Spen, also known as SHARP (SMART/HDAC1-associated repressor protein), is a transcriptional repressor. It plays a crucial role in multiple biological processes. Spen is involved in X chromosome inactivation (XCI), where it binds to the long non-coding RNA Xist, recruits histone deacetylases, and contributes to the establishment of facultative heterochromatin on the inactive X chromosome [2,3,4]. It is also relevant in various developmental processes and has been associated with pathways related to neurodevelopment, heart function, and liver maturation [1,5,6].

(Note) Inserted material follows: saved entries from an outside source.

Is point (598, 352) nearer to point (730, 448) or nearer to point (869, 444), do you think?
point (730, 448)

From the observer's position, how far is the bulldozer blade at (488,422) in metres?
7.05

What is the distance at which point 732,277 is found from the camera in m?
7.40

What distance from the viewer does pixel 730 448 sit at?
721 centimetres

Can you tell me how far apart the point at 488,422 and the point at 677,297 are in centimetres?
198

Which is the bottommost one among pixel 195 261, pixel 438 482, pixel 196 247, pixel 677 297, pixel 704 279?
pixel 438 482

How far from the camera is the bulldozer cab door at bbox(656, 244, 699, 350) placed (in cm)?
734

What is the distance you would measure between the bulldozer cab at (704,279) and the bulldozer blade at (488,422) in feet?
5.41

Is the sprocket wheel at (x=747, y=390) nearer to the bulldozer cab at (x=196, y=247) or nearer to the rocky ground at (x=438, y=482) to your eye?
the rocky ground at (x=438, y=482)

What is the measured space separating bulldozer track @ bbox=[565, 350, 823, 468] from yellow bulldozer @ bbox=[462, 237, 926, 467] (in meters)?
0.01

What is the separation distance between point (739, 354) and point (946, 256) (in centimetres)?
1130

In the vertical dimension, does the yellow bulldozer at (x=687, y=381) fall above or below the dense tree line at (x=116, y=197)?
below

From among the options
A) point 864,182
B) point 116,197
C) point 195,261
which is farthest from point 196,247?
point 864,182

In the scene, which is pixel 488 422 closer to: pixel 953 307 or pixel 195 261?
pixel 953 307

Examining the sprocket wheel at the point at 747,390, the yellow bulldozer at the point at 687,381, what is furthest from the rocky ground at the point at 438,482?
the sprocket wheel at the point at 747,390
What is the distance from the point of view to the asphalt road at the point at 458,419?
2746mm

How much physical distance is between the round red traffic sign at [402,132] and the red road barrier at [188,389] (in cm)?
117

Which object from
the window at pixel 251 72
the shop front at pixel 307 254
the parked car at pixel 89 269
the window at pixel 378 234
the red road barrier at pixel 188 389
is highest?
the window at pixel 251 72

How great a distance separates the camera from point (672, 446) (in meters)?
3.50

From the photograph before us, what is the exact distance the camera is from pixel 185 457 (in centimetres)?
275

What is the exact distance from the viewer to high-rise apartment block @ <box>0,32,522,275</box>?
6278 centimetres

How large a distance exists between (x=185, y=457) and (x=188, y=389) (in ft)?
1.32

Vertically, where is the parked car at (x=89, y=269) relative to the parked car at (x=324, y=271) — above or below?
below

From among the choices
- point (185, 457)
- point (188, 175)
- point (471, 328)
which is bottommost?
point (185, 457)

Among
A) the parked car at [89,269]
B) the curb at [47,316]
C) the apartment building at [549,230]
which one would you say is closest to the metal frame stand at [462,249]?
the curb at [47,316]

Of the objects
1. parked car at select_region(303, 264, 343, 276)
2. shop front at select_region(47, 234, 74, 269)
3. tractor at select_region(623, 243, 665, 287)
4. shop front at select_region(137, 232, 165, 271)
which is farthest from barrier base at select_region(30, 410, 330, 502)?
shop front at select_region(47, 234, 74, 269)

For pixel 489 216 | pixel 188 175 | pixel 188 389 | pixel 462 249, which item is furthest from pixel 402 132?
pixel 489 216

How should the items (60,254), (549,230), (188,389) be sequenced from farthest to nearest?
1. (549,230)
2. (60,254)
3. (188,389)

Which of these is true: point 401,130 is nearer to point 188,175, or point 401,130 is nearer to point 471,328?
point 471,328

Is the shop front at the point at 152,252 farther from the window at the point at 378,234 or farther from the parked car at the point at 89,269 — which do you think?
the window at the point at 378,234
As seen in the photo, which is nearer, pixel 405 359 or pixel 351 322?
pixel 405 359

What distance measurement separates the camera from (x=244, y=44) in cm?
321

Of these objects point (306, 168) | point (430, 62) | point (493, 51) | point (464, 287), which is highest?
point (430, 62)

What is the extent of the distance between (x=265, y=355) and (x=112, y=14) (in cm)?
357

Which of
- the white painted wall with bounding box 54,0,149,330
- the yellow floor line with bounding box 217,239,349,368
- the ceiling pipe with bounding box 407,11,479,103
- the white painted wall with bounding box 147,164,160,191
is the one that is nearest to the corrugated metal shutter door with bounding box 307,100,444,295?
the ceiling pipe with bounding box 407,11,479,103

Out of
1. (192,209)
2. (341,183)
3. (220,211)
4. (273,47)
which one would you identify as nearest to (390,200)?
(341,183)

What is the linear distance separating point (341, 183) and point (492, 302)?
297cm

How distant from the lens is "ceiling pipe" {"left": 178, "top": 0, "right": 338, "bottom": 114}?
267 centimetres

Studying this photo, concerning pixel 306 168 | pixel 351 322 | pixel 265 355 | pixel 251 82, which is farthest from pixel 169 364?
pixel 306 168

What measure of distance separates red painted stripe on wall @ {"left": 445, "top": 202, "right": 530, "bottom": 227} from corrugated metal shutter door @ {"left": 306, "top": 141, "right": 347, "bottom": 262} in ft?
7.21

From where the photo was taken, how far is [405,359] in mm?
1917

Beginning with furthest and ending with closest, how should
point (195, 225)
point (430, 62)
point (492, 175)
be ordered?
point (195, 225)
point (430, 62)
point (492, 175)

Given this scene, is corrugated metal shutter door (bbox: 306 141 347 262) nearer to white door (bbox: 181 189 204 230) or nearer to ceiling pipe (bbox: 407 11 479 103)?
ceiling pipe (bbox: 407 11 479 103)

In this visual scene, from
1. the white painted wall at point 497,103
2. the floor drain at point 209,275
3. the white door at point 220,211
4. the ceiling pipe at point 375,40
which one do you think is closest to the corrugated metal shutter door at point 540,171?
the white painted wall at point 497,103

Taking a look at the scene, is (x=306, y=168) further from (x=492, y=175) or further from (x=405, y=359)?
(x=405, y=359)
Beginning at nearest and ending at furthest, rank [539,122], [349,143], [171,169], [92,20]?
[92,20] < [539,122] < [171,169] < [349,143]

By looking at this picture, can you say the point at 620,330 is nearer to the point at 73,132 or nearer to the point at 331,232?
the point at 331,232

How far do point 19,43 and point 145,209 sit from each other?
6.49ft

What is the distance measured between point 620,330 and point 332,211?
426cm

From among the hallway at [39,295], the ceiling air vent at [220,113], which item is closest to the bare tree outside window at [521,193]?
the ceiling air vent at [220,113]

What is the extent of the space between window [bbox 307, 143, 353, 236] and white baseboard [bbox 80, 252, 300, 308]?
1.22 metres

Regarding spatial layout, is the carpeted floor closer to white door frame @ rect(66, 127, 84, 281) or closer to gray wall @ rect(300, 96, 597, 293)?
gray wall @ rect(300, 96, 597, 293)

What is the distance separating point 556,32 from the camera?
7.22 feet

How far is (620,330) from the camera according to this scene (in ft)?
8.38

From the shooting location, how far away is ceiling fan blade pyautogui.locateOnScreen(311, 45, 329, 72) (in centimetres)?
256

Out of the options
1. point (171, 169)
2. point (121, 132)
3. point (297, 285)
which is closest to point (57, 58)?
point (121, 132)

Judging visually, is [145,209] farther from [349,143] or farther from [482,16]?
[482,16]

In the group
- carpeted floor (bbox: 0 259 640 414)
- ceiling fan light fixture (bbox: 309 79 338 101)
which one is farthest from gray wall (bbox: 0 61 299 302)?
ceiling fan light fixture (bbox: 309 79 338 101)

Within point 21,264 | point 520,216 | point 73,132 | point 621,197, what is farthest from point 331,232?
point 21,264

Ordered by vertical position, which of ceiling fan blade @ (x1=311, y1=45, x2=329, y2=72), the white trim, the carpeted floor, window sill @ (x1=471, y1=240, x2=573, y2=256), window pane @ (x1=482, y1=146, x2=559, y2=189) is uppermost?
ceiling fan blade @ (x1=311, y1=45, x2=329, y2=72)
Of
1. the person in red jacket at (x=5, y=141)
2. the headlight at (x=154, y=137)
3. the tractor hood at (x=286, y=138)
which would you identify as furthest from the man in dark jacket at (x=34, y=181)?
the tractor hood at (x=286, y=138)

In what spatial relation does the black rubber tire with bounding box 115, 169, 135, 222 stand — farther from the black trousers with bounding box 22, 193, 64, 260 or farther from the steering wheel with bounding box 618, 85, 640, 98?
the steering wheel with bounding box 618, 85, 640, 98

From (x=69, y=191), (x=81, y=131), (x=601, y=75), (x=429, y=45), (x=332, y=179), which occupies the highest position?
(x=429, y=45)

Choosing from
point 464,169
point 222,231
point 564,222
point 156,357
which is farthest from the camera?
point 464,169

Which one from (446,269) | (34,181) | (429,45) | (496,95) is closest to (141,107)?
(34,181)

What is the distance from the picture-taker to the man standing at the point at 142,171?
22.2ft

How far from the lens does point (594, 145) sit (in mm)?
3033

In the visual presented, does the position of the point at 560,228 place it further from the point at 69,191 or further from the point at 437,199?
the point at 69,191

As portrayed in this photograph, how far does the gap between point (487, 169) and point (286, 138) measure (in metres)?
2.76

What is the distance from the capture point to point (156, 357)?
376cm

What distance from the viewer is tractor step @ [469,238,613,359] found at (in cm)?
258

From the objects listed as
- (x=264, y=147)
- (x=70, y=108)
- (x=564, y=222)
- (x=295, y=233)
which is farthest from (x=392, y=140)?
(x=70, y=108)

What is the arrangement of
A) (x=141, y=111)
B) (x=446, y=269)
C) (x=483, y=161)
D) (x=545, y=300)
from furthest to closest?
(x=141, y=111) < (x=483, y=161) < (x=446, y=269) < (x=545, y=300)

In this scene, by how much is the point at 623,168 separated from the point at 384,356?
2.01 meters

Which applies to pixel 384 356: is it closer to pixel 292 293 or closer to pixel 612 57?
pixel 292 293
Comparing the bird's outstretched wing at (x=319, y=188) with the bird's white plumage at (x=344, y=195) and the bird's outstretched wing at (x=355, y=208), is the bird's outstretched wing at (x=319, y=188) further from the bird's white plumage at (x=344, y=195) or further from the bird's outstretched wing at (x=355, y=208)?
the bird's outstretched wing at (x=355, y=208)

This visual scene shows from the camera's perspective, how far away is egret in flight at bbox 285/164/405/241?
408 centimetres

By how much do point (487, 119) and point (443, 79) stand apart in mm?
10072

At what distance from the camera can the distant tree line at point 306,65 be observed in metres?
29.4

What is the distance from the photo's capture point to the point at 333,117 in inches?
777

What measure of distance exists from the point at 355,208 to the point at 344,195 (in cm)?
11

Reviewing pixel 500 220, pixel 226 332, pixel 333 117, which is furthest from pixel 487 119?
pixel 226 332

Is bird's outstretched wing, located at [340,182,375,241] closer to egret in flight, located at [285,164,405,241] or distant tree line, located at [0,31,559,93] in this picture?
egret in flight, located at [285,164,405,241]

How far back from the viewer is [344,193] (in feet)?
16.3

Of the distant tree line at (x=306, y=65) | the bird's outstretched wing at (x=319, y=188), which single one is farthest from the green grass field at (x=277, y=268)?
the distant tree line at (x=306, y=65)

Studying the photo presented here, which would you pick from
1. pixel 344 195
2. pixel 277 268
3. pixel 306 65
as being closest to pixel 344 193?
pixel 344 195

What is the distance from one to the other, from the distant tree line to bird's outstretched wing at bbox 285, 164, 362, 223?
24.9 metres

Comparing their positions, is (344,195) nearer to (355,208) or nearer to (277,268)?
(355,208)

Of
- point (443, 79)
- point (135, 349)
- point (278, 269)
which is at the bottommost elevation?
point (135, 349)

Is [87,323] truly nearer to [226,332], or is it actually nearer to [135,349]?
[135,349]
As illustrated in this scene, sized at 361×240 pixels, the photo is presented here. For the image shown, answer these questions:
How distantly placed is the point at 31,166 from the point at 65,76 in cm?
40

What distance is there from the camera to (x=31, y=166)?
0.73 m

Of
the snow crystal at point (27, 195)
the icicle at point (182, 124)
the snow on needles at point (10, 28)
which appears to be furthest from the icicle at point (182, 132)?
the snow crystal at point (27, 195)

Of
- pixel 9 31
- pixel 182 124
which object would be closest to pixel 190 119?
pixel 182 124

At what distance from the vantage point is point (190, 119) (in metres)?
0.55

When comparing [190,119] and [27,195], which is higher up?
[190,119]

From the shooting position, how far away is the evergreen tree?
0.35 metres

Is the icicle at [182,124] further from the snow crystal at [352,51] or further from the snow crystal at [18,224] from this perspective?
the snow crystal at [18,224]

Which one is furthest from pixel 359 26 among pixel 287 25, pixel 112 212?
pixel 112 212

In gene-knockout studies, Spen null female mouse embryonic stem cells are defective in Xist upregulation upon differentiation, indicating its importance in the initiation of XCI [3]. In zebrafish, targeted Spen inactivation leads to progressive impairment of cardiac function, with diminished cardiac contractile force, bradycardia, atrioventricular block, and heart chamber fibrillation, suggesting its role in heart function [5]. Hepatocyte-specific disruption of Spen in mice represses hepatic maturation, mainly by decreasing hepatic metabolic function and disrupting hepatocyte zonation [6].

In conclusion, Spen is essential for X chromosome inactivation, normal heart function, and hepatocyte maturation. Studies using gene-knockout mouse models and other genetic models have revealed its role in these biological processes. In addition, Spen haploinsufficiency is associated with a neurodevelopmental disorder overlapping proximal 1p36 deletion syndrome, highlighting its significance in understanding certain genetic diseases [1].